I've known him for over 10 years now...though we've never been in the same plce for too long...but somehow managed to stay in touch...ahem if you know what i mean....I'm very much straight...but its just that whenever i talk to him all the lust just takes over...

Now now before any of you jump to any of those perverse conclusions let me make it completely that both of us are two completely heterosexual guys in desperate need to get laid atleast once before we die...(thats with genuine women)..but whenever we talk, sanity is like when madonna sang "like a virgin" ...touched for the very first time...in other words a big farce!!!

...n in those moments of dementia he has proposed his undying love for me by asking me to bend over innumerable times...
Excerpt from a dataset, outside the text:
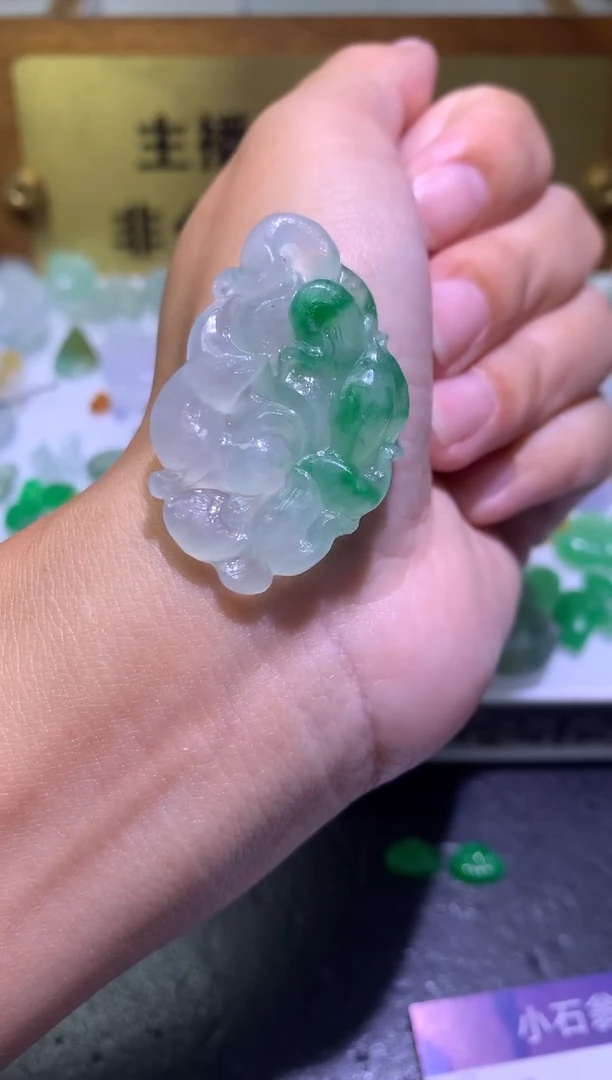 未镶嵌定制翡翠轻****）毛货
our chats bout dames were some sort of a pinching contest..cause there was so much in common(the pinching contest is because of the same pinch funda....) in terms fo the ways n the dialogues women have used on us to TURN US DOWN...

we also share the same opinion bout women...UNATTAINABLE

i met joey recently n we both were updating each other on our action packed lives(read zero action) and it actually spooked both of us...we both wondered if we had pursued the same women....or if they were related or knew each other or u know...the works...

though he once was going around with some chick...n they broke up n got back only 7 times..i dunno, i think he was going for some james bond number or something...kids i tell u...well even i got back a with the same babe...just a couple of times...or was it more...well it was definitely less than 7 times...oh man...phew...nice save...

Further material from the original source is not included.